Przed nami dwa spotkania reprezentacji Polski z kadrą Węgier. Mecze odbędą się w czwartek oraz w piątek, a jakim składem wyjdą na to starcie nasi rywale? Według węgierskich dziennikarzy będzie to krajowy zestaw, nie zawierający graczy zza granicy. To oznacza, że właściwie najlepszych hokeistów w szeregach przeciwników zabraknie, więc Polacy mają większe szanse na zwycięstwo.
Krajowy skład Węgrów
Grudniowa przerwa reprezentacyjna koliduje z niektórymi terminarzami krajowych i międzynarodowych lig. W związku z tym Węgry nie mogą wystawić najlepszego składu. Słowacka ekstraklasa czy ICE Hockey League stanowią priorytet, więc nasi rywale będą mocno osłabieni. Trener Sean Simpson nie będzie mógł bowiem skorzystać z graczy AV19 Székesfehérvár oraz DTVK Jegesmedvék Miszkolc, a są oni bardzo ważnymi elementami reprezentacji Węgier. W składzie rywali Polaków zabraknie również hokeistów z ligi fińskiej. Starcia w Katowicach stanowić będą raczej okazję dla młodszych zawodników, którzy do tej pory mieli okazję występować wyłącznie w młodzieżowych reprezentacjach. Czterech graczy ma szansę zadebiutować w seniorskiej drużynie w tym tygodniu.
Nowy kapitan reprezentacji Polski
Sztab reprezentacji podjął wraz z początkiem tygodnia ważną decyzję. Kadra Polski na lodowisku będzie miała nowego głównodowodzącego. Nowym kapitanem został bowiem Bartosz Ciura i w najbliższych meczach z Węgrami to on będzie pełnił tę funkcję. Trener Robert Kalaber stwierdził, że on najlepiej nadaje się na kapitana ze względu na swoją ambicję oraz waleczność i poświęcenie na boisku. Obrońca GKS Tychy zapytany, jak się czuje z tą wiadomością, powiedział, że nigdy nie sądził, że otrzyma takie wyróżnienie. 28-letni gracz jest bardzo dumny z takiego stanu rzeczy, ale jednocześnie podkreśla, że wiąże się to z dodatkową odpowiedzialnością. Ciura nie boi się jednak takiego wyzwania i otwarcie mówi, iż da mu to jeszcze większą motywację.
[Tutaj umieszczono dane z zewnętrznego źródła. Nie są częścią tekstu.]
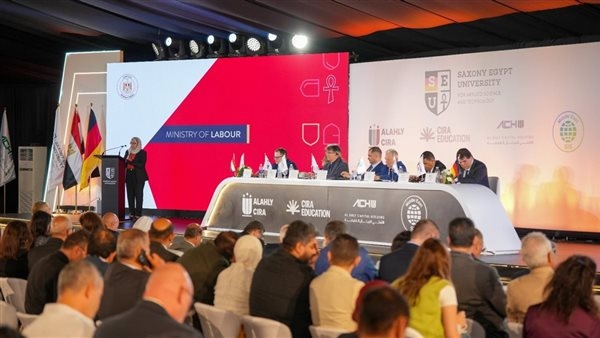 محمد جبران: ندعم الجامعات القادرة على تخريج طلاب قادرين على التعامل مع متغيرات سوق العمل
Starcie na międzynarodowym poziomie
Choć dwa mecze Polski z Węgrami nie będą rozgrywany przy udziału publiczności, to możemy spokojnie obejrzeć je w telewizji. Wyemituje je stacja TVP Sport i w czwartek będzie to o godzinie 18:45, a w piątek o godzinę wcześniej. Selekcjoner reprezentacji Polski Robert Kalaber cieszy się na myśl o tych meczach, bo według niego potrzeba nam sprawdzianów na płaszczyźnie międzynarodowej. Miało być ich więcej i rywale mieli być bardziej różnorodni, ale w końcu stanęło na tym, że biało-czerwoni rozegrają dwumecz z Węgrami.
Polacy mieli się zmierzyć w Turnieju o Puchar im. Wojciecha Korfantego z Węgrami, Ukrainą i Francją, ale dwie z tych reprezentacji się wycofały. Później był plan, aby w ich miejsce pojawiła się Łotwa. W weekend jednak poinformowano, że Łotysze w Katowicach się nie pojawią ze względu na obecność pozytywnego testu na koronawirusa w ich zespole. Sytuacja była trudna do przewidzenia, więc ostatecznie gramy dwa mecze przeciwko Węgrom, a starcia z powyższymi drużynami trzeba będzie odłożyć na kiedy indziej. Turniej kwalifikacyjny do Zimowych Igrzysk Olimpijskich zbliża się wielkimi krokami, więc dobrze, że uda się sprawdzić na tle zagranicznego rywala.